## [Data excerpt]
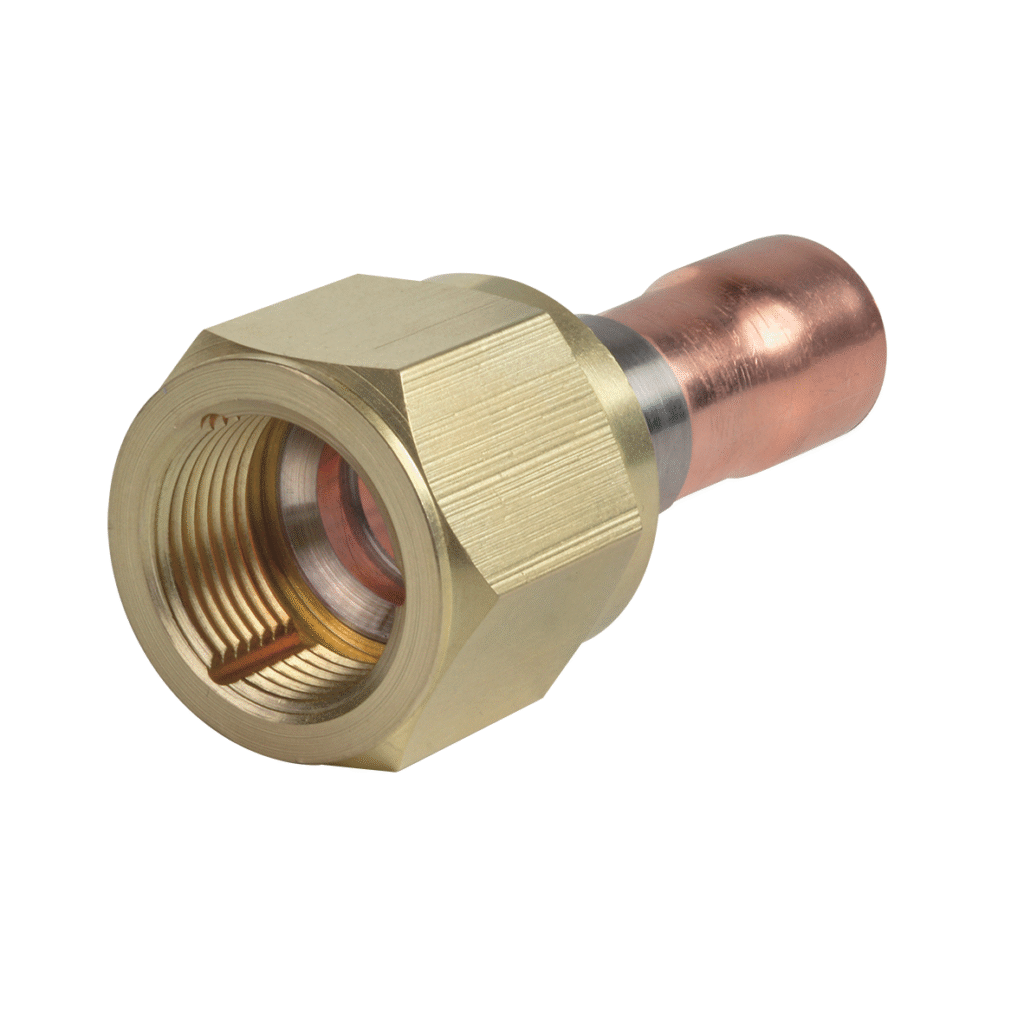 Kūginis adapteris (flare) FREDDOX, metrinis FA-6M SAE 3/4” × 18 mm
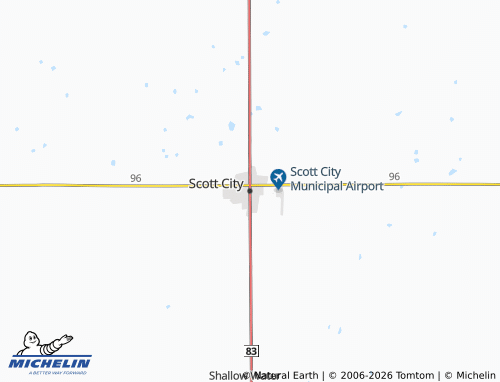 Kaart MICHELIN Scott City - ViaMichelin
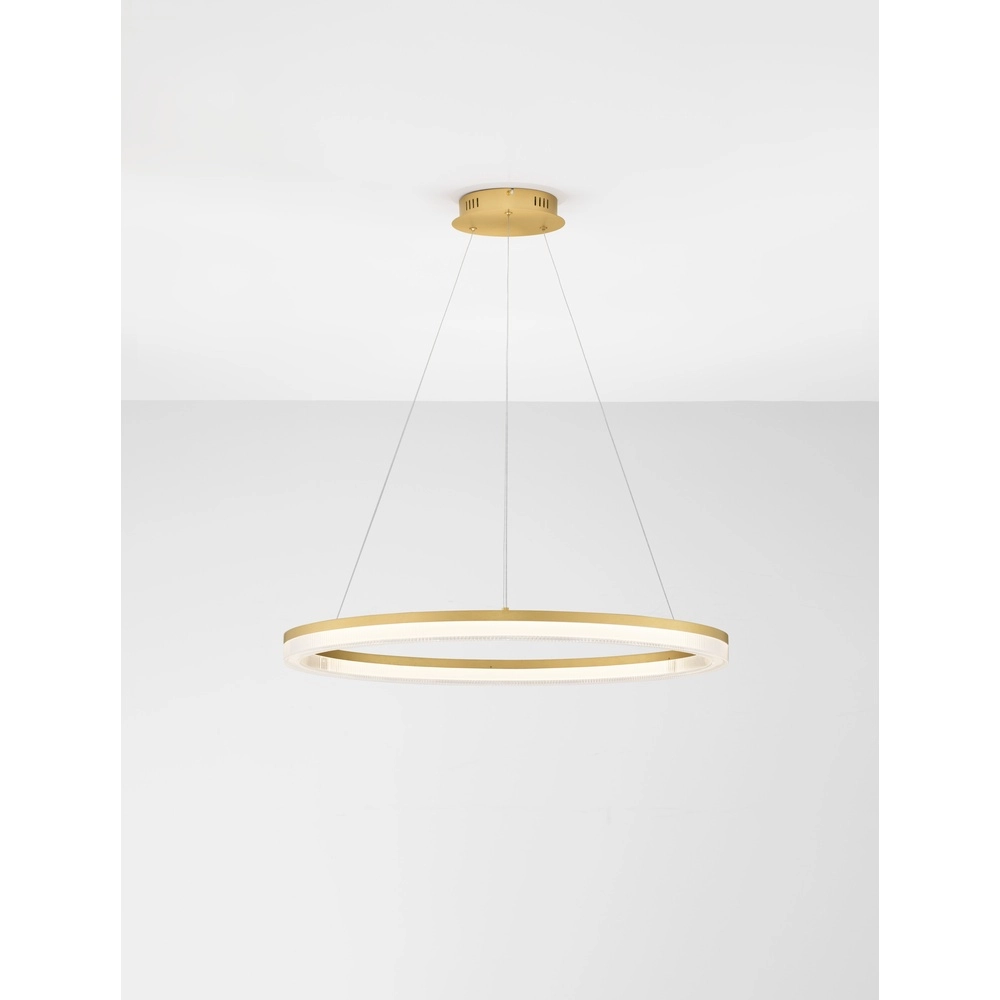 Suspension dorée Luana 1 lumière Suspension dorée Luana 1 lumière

## [The problem]
Without including any pictures, reproduce the listing exactly.

## [Solution]
 Kūginis adapteris (flare) FREDDOX, metrinis FA-6M SAE 3/4” × 18 mm
 Kaart MICHELIN Scott City - ViaMichelin
 Suspension dorée Luana 1 lumière Suspension dorée Luana 1 lumière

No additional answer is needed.